Cada um por si e Deus contra todos

Se algum dia qualquer proposta generosa sair da Associação Comercial do Paraná, olhe para cima.

Do céu, despencará uma chuva de pedras, fogo e sangue; as águas do mundo virarão veneno; o Sol, a Lua e as estrelas se apagarão; o chão se rasgará, libertando uma nuvem sem fim de gafanhotos com couraças de ferro; e um exército de 200 milhões rugirá, liderado por generais que montam cavalos com cabeças de leão e rabos de serpente.

Amargaremos o Juízo Final.

Só que ninguém precisa perder o sono com isso. O maior prodígio de imaginação nas linhas acima é conceber que algum dia qualquer coisa que não soe como uma agressão sairá da Associação Comercial do Paraná.

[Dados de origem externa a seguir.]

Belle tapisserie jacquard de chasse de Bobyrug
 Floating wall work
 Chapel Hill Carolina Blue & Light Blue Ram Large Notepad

Se em 2013 o consórcio fez uma intensa e bem-sucedida campanha para barrar o feriado do Dia da Consciência Negra, em 2020 a entidade pressiona o quanto pode as administrações públicas pela reabertura do comércio de rua no Estado, mesmo enquanto estamos prestes a atravessar uma emergência sanitária que o resto do mundo já provou ser a maior em 100 anos, desde a Gripe Espanhola de 1918-1920. Mais uma vez, consegue o que quer, porque conta com a lassidão e a fraqueza de vontade de Rafael Greca e Ratinho Jr.

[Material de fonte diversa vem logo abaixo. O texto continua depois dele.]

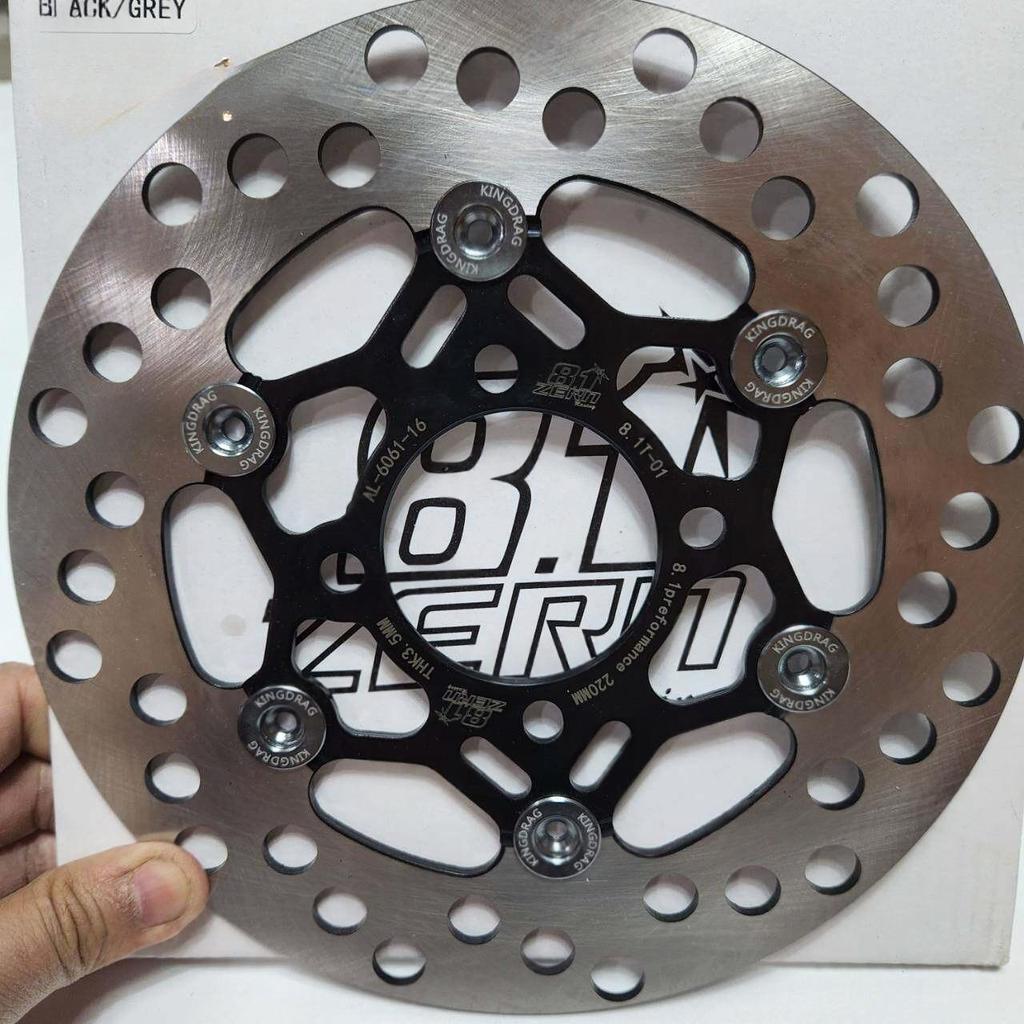 จานดิสเบรค จานเวฟ110i ZERN8.1 ดำหมุดเทา จานจูปิเตอร์ จานหน้า WAVE110i, DREAM SUPERCUB,WAVE125ปลาวาฬ ขนาด 220 มิล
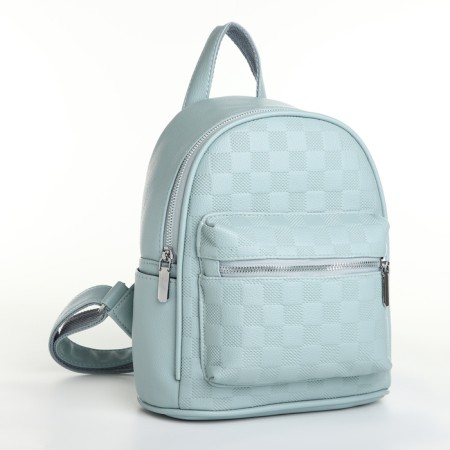 Women's backpack on lightning, blue color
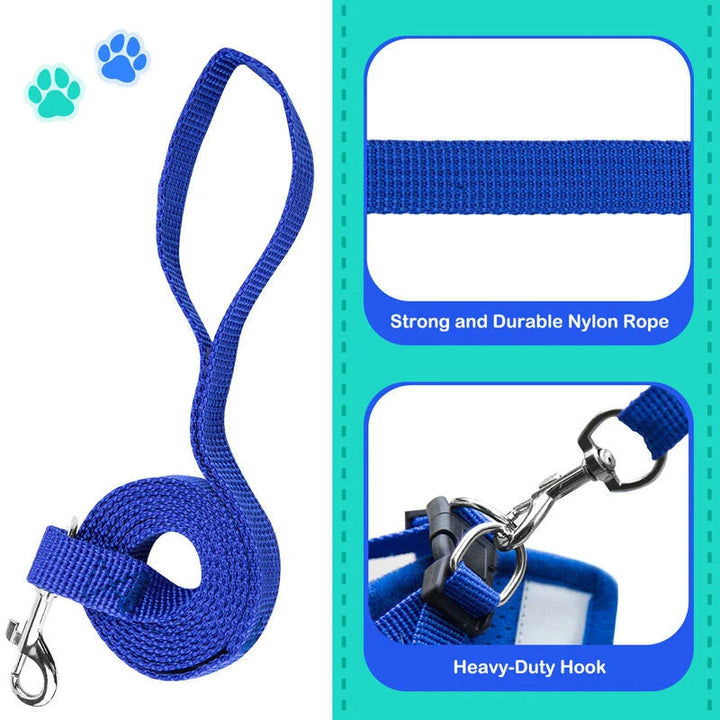 Cat /Dog Pet Harness Adjustable Control Vest Dogs Reflective S M L XL Leash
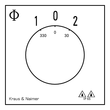 CA10 A228 PFL1 Kraus&Naimer 3-pol. Wendeumschalter mit Rückzug Produktbild Additional View 1 S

Não é como se o presidente da Associação, Camilo Turmina, pudesse se fazer de desentendido. Ele sabe.

No início de março, Turmina declarou para a Gazeta do Povo: “Como as famílias não estão mais saindo de casa para comprar, estamos com as lojas de rua ‘às moscas’. Muitos estabelecimentos não têm nem mesmo uma arrecadação para pagar custo operacional de manter as portas abertas. Não faz sentido manter o comércio aberto, expondo milhares de pessoas ao perigo de contágio”.

No início de abril, depois de Jair Bolsonaro anunciar algumas medidas precárias para mitigar os efeitos da crise na economia, Turmina disse, dessa vez no site da própria Associação: “Com as medidas de preservação de emprego e renda dos funcionários e o maior prazo para pagamento de impostos acho que devemos esperar a liberação das autoridades sanitárias, seguindo as regras do isolamento social para preservar a vida de quem amamos”.

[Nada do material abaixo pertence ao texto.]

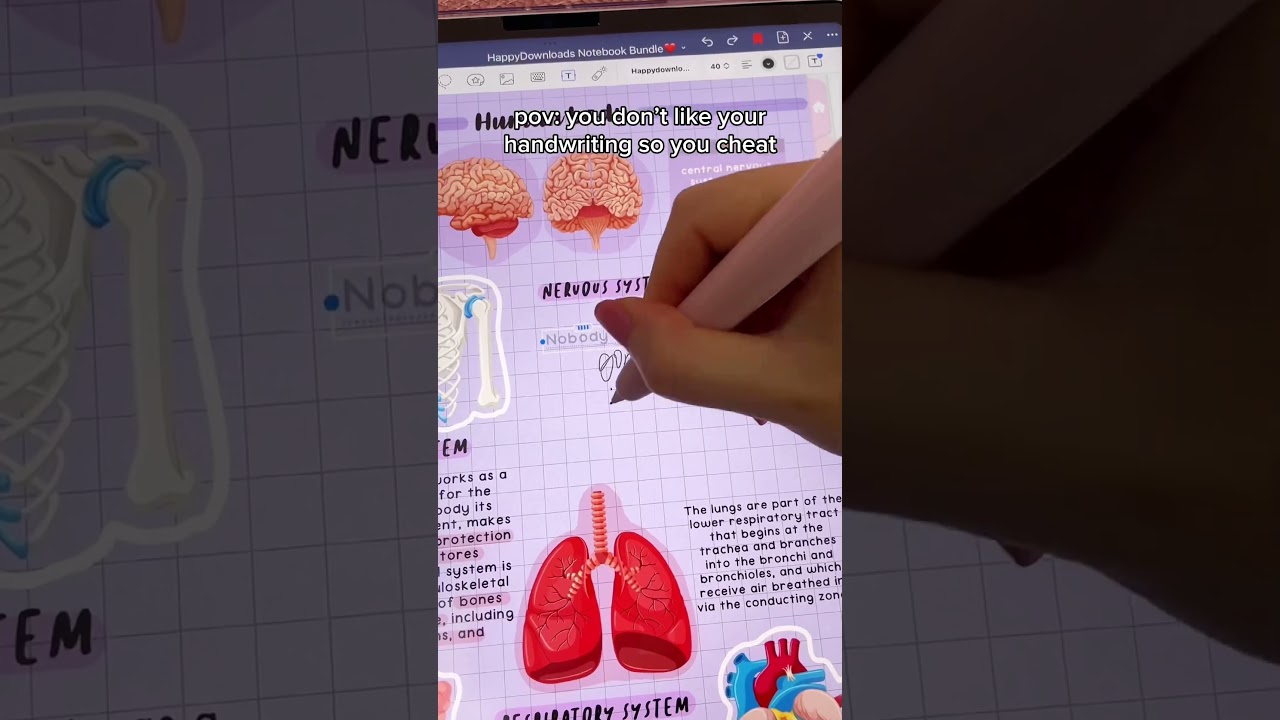 pov: you don't like your handwriting so you cheat🤫 iPad note taking | apple pencil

Soaria quase correto, se poucos dias depois ele não tivesse decidido se dedicar a expor milhares de pessoas a uma doença nova, altamente contagiosa e que pode ser fatal.

No momento, apenas um discurso deveria estar na boca das pessoas que nós, sabe-se lá sob o efeito de quantos narcóticos, decidimos chamar de “líderes”. Uma fala seca, sem panos quentes ou badulaques: viveremos tempos duros e todos estão em risco; será particularmente penoso para os mais pobres e vulneráveis; é dever do Estado brasileiro alimentar seu povo e ajuda-lo a completar essa travessia; não estará terminado quando a pandemia for controlada; sairemos dela com a economia em frangalhos, muitos de nós completamente falidos e sem perspectivas; mas ainda estaremos aqui, e o que foi quebrado poderá ser reconstruído.

Existe uma definição atribuída à antropóloga norte-americana Margaret Mead que diz que a civilização começou com solidariedade, quando alguém quebrou a perna e a tribo resolveu ficar para ajudar.

Não no Terceiro Mundo. Aqui, continua sendo cada um por si e Deus contra todos. Camilo Turmina pode disfarçar isso o quanto quiser em suas entrevistas televisivas, fingir que está tentando evitar o “caos social”, mas no fundo o que ele está fazendo é dar de ombros, para o bem dos negócios. Paciência. Quem ficar pelo caminho, ficou. É a lei da selva.

Em seu livro de memórias, Confesso que Perdi, o jornalista Juca Kfouri diz que aprendeu uma coisa durante a vida: não exigir sacrifício com o pescoço alheio. É uma boa lição.